Comparing Mastery-Learning Models

Both the Bloom model and the FWTM model result in significant gains in student achievement, significant increases in positive student affects, and significant increases in positive teacher affects. Both models also establish mastery as the expectation for students. However, the two models differ in key respects and, in my view, the differences result in some benefits that favor the FWTM model over the Bloom model. The purpose of this section is to make these distinctions and benefits clear. In the tables below, I compare the two models in several specific categories. For this comparison, I use the weekly quiz regimen described in From Wonder to Masteryand recommended for grades 7–9.

Expectation of Mastery
Bloom Model	FWTM Model
Students are expected to master content by scoring at or above a fixed score (typically 80% or 90%) on frequent (approximately weekly) formative assessments. Students are informed that they are in a mastery-learning environment.	Students are expected to master content by being prepared to answer questions from present and previous chapters on weekly quizzes that function as both formative and summative assessments. Students are informed that they are in a mastery-learning environment.

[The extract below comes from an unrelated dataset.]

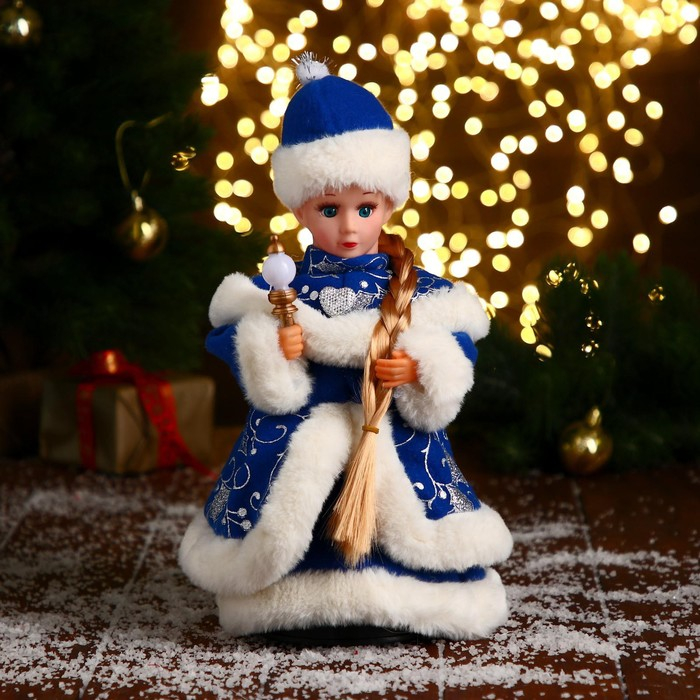 Снегурочка  Снегурочка "В синей шубке с сердечком" двигается, 30 см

Consequence of Scoring Below the Mastery Standard
Bloom Model	FWTM Model
Students engage in additional instruction and corrective activities, followed by taking another formative assessment. This cycle might be repeated again if mastery is still not demonstrated.	There is no specific score indicating a mastery standard and no specific consequence of a given weekly score. If students are not mastering content and practicing for long-term retention of older material, their scores will decline over time (as they forget older material) and they will not pass the course. Students know this and know they need to be prepared to see similar questions and problems again and again week after week. Accordingly, a quiz score below 80 motivates students to engage in more study and practice, or to obtain additional instruction.

Assessment Content
Bloom Model	FWTM Model
Assessments target objectives for the present unit of study.	Weekly quizzes target objectives for all units of study completed to date.

Instructional Alignment
Bloom Model	FWTM Model
Instructional alignment entails four components: a) learning objectives for each unit, b) instruction targeted at the objectives, c) formative assessments targeting the objectives, and d) feedback and correctives for objectives not mastered.	Instructional alignment entails four components: a) learning objectives for each unit, b) instruction targeted at the objectives, c) formative assessments targeting the objectives from all units studied to date, and d) from the feedback of returned quiz papers, students seek assistance or engage in additional self-study (e.g., practice) for objectives not mastered.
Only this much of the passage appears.